From top: Donald Trump arrives in Shannon Airport in May, 2014; Dan Boyle
Few here in Ireland claim to like Donald Trump. Even fewer people would claim to admire him or support his policy approach.
He has some friends. Those who admire the red tooth and claw capitalism they see in Trump, who, while as inarticulate as themselves, is sufficiently in your face to ‘own’ the liberal left.
He exists, despite his obsession with building a wall, to metaphorically tear down walls of regulations produced through liberal democracy, in pursuit of a fairer World.
Despite having had nothing but centre right governments since the foundation of the State, Irish Trump fans see Ireland as a something of a Socialist bedrock.
Our current socialist government in the form of Fine Gael, have been constructing a ‘how many angels on the head of a pin’ approach to both welcoming and not welcoming Donald Trump at the same time.
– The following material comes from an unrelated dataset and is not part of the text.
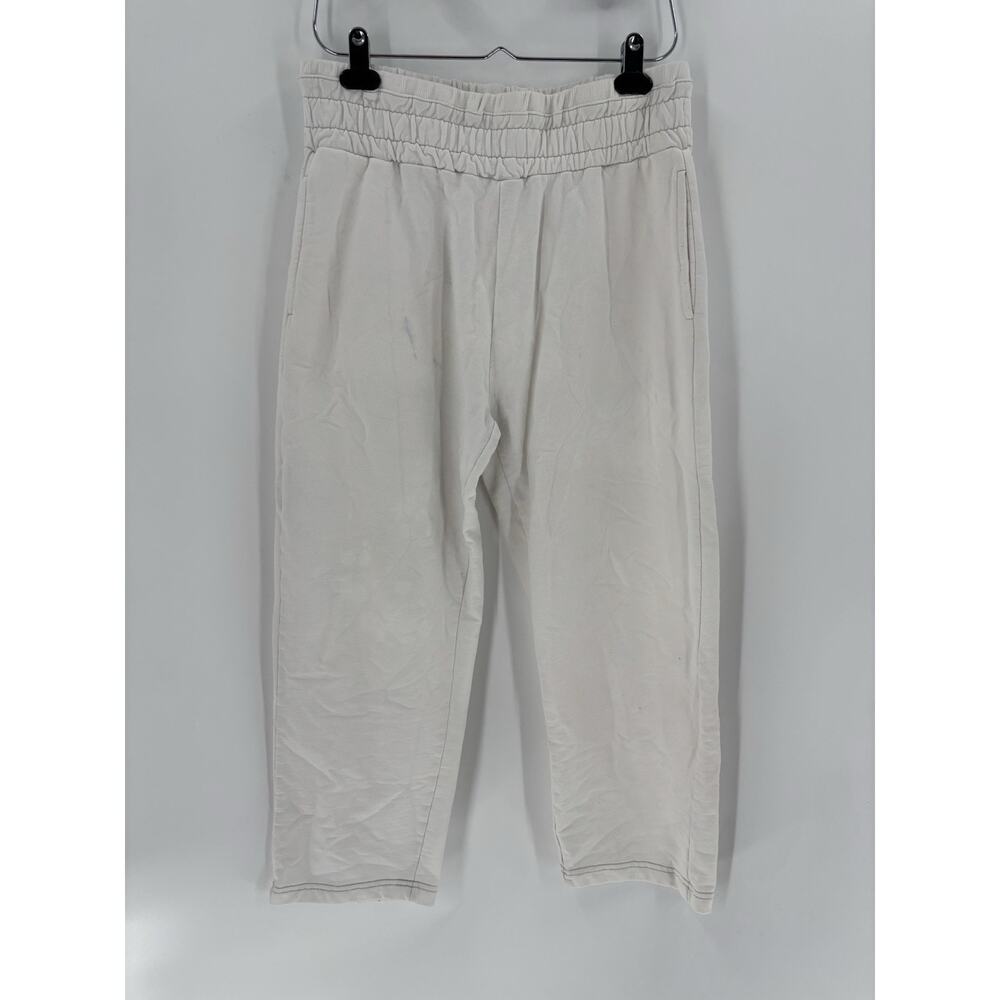 Out From Under Pants Womens XS White Cropped Capris Elastic Waist Stretch Pocket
By its thinking we are not welcoming Donald Trump per se. We are welcoming the holder of the office of President of the USA, and a failure to welcome him properly will be seen by our American friends as a collective snub to all other holders of the office, past and future.
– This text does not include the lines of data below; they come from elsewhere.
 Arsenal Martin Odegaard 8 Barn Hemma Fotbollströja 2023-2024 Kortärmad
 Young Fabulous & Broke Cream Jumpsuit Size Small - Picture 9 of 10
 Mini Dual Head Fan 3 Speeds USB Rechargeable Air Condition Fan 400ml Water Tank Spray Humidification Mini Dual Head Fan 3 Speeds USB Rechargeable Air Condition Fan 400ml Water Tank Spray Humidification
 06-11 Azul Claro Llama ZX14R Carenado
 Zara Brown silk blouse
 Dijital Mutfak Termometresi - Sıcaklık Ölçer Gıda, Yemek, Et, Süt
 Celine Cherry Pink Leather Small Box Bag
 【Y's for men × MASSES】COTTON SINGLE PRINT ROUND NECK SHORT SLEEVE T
Bollocks to that. The nature of friendly relations between countries is that one can tell the other when they are fecking up royally, or, in Trump’s case, bigly.
It is the current administration that carries the can especially for policy positions that have currency – policies on trade, migration and the environment. Policies, on each of which Trump and his administration want to take us back to some perceived feudal heyday.
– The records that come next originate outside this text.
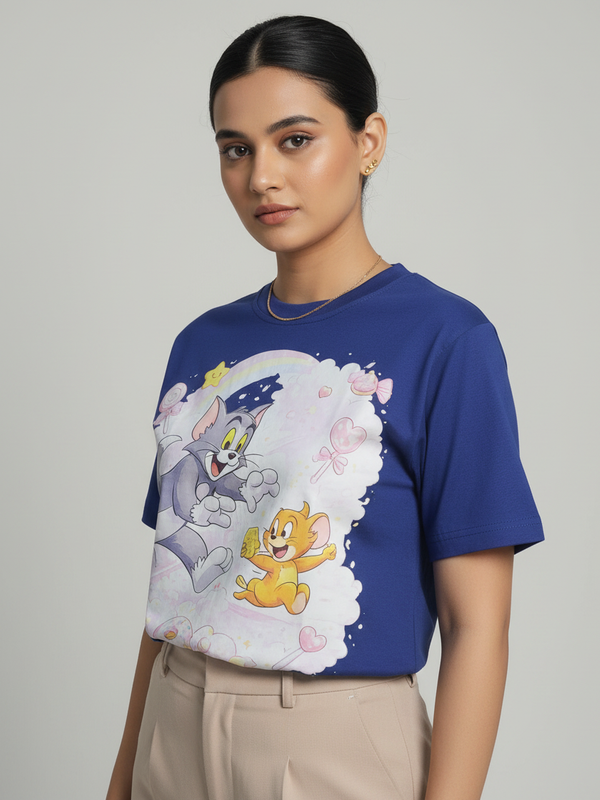 Aurora Round Neck 100% Cotton Women's T-shirt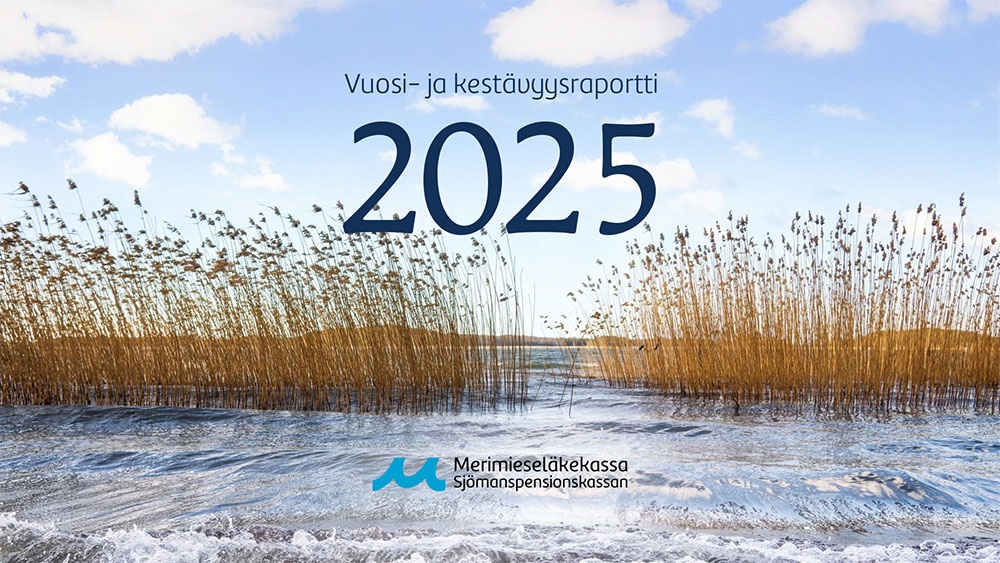 Vuosi- ja kestävyysraportti kansi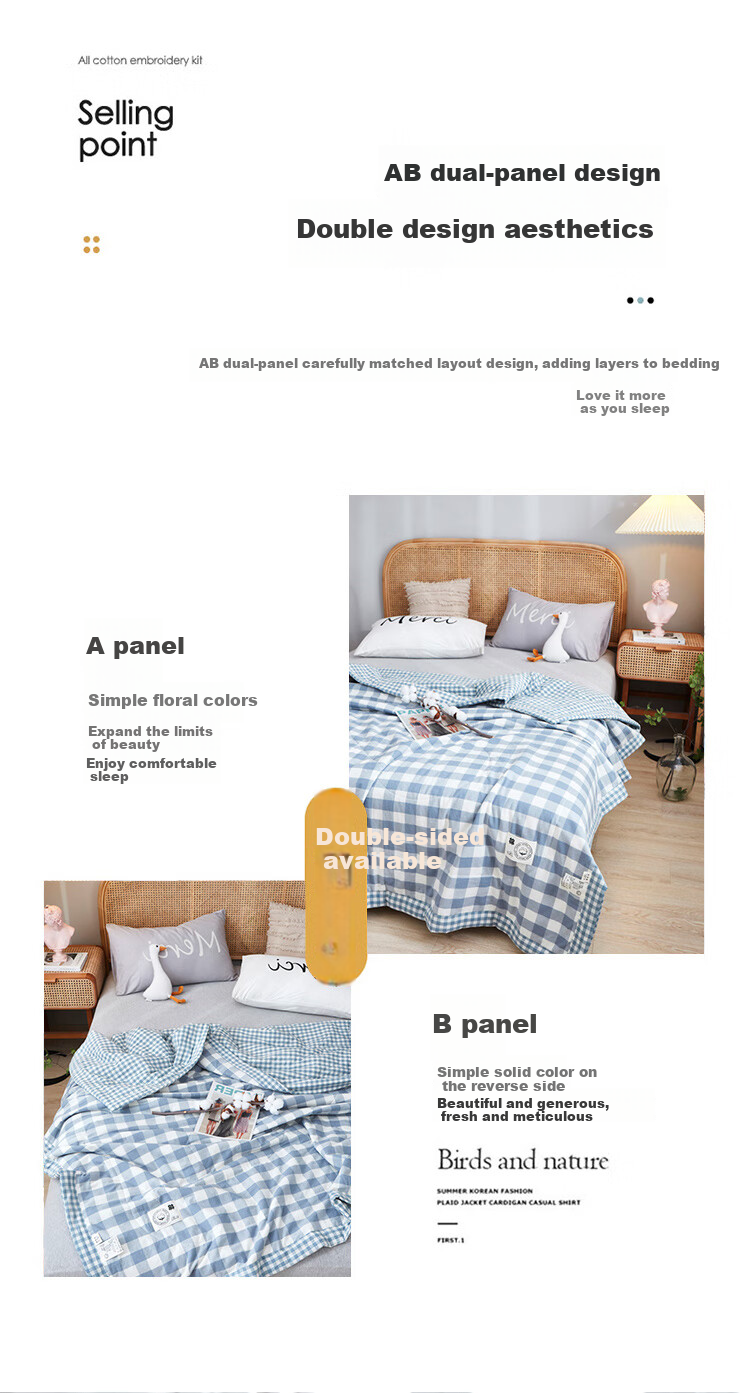 Hengyuanxiang Xinjiang Cotton Quilt, Air Conditioning Quilt, Washable Summer Cool Quilt, Single Or Double Bed, Dormitory Pure Cotton Summer Quilt, 180*200cm 8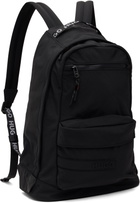 Hugo Black Recycled Nylon Canvas Backpack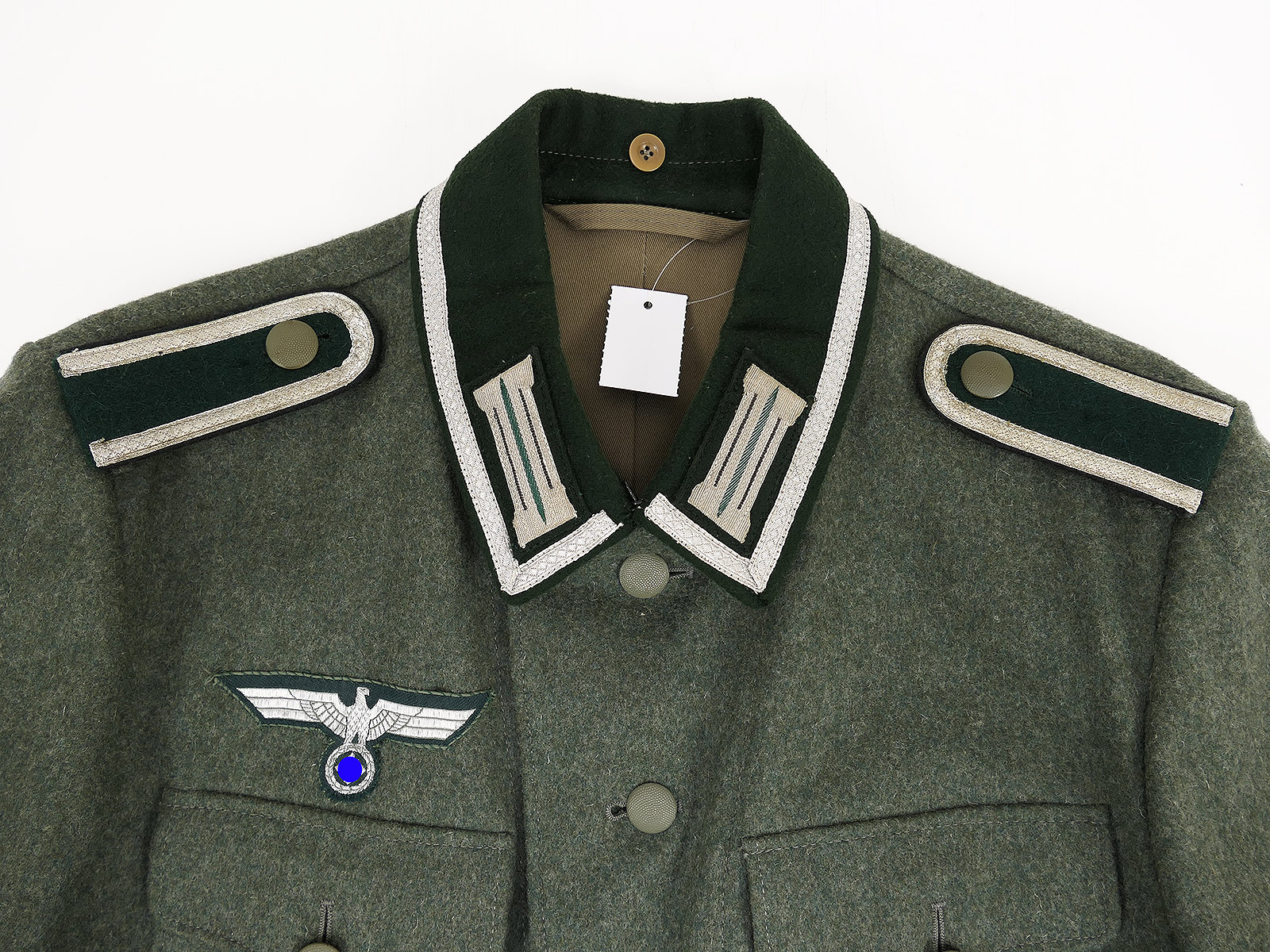 Wehrmacht M36 field tunic, non-commissioned officer, engineers’ uniform, in service condition, top-quality museum-grade reproduction, Janke COLLECTION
In all likelihood Trump’s motivation for wanting to come to Ireland has nothing to do with wanting warmer relations with Ireland.
The probability is that he wants to visit his golf course at Doonbeg, County Clare, as part of his global business promotion tour, rather than make small talk with our Taoiseach and the Minister for Foreign Affairs.
The people in Doonbeg, especially those employed at the resort, will in all likelihood look on with disdain at protest made there. This is understandable. However Trump thrives in these islands of dependency, where silence and blindness is bought.
Others would argue that the best way to protest Trump is to ignore him. There’s a name for that – it’s every other day in Ireland.
Without a large scale, physical manifestation of protest, Trump could rightly claim that Ireland is on his side.
Trump is a complete narcissist. He reacts negatively to anyone who is negative towards him. Large scale protests in London, in Brussels and in Washington do get to him.
I remember being a part of the 2003 No to War march, where 100,000 filled College Green and Dame Street. We may not achieve that scale, but the protest to Thump should be, can be and will be an event of that type.
The difficulty is that several groups want to see this protest happen for a myriad of reasons. There are many reasons to do so, but let’s make sure it brings together as many as possible under a collective banner.
This is a circumstance where we should put aside ego and positioning. Let’s have a welcome in the hillsides. Let’s give Donald Trump the welcome he deserves.